Results: One hundred and sixty patients met the requirements. Benign nodules were mainly characterized by a thin (0.75 ± 0.31 mm) and uniform halo with good integrity, while malignant nodules had a thicker (1.48 ± 0.51 mm) halo with uneven and irregular margins (P < 0.05). The sensitivity and specificity were highest when the cutoff value was 1.09 mm, with 76.08% and 84.29%, respectively. The halos of benign nodules were mostly hyper- or iso-enhanced, whereas the halos of malignant nodules were predominantly hypo-enhanced (P < 0.05). The areas under the curve (AUCs) for CEUS, FNA, and CEUS + FNA were 0.751(95% CI = 0.642-0.841), 0.863(95% CI = 0.767-0.929), and 0.918(95% CI = 0.834-0.967), respectively.

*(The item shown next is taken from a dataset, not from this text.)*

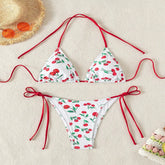 cute cherry print halter string micro bikini Sets two pieces Swimsuit bathing suit biquini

Cervical lymph node metastasis occurred in only 13 (11.5%) malignant nodes with halos. The primary pathological components of the halo around malignant nodules were almost reactive hyperplastic fibrous tissue.

Conclusion: The halo surrounding malignant thyroid nodules is thicker, with uneven and irregular margins, and shows hypo-enhancement on CEUS. Combining CEUS with FNA improves the diagnostic efficacy of thyroid nodules with halos. The reactive hyperplastic fibrous halo may be one of the reasons why malignant nodules are less likely to metastasize.

目的研究甲状腺结节伴晕的声像图特征,探讨造影剂增强超声(CEUS)联合细针穿刺(FNA)在识别甲状腺结节伴晕中的价值,并通过分析晕的病理特征预测转移风险:方法:对2019年1月至2022年12月期间185例甲状腺结节术后伴有光环的病例进行回顾性分析。在描述甲状腺结节及其光晕的超声特征后,将所有患者分为三组,第一组(Ⅰ组=仅CEUS)患者进行CEUS检查,第二组(Ⅱ组=CEUS+FNA)在第一组的基础上进行FNA检查,第三组(Ⅲ组=仅FNA)直接进行FNA检查。CEUS和FNA结果分别采用中国甲状腺影像报告和数据系统(C-TIRADS)和贝塞斯达甲状腺细胞病理学报告系统进行分级。分级低于 C-TIRADS 4b 或 Bethesda IV 级者定义为良性,两种方法合并时参考 FNA 的结果。手术病理结果作为金标准。我们绘制了工作曲线,以比较 CEUS 和 FNA 单独或联合诊断甲状腺结节光环的疗效。我们分析了光环的病理特征,并记录了有颈淋巴结转移的患者人数:结果:160 名患者符合要求。良性结节的主要特征是光环较薄(0.75±0.31 毫米)且均匀一致,完整性良好,而恶性结节的光环较厚(1.48±0.51 毫米),边缘不均匀且不规则(P 结论:良性结节的光环较薄,边缘不均匀且不规则,而恶性结节的光环较厚(1.48±0.51 毫米),边缘不均匀且不规则:恶性甲状腺结节周围的光环较厚,边缘不均匀且不规则,在CEUS上显示低增强。将 CEUS 与 FNA 结合使用可提高甲状腺结节光环的诊断效果。反应性增生纤维晕可能是恶性结节不易转移的原因之一。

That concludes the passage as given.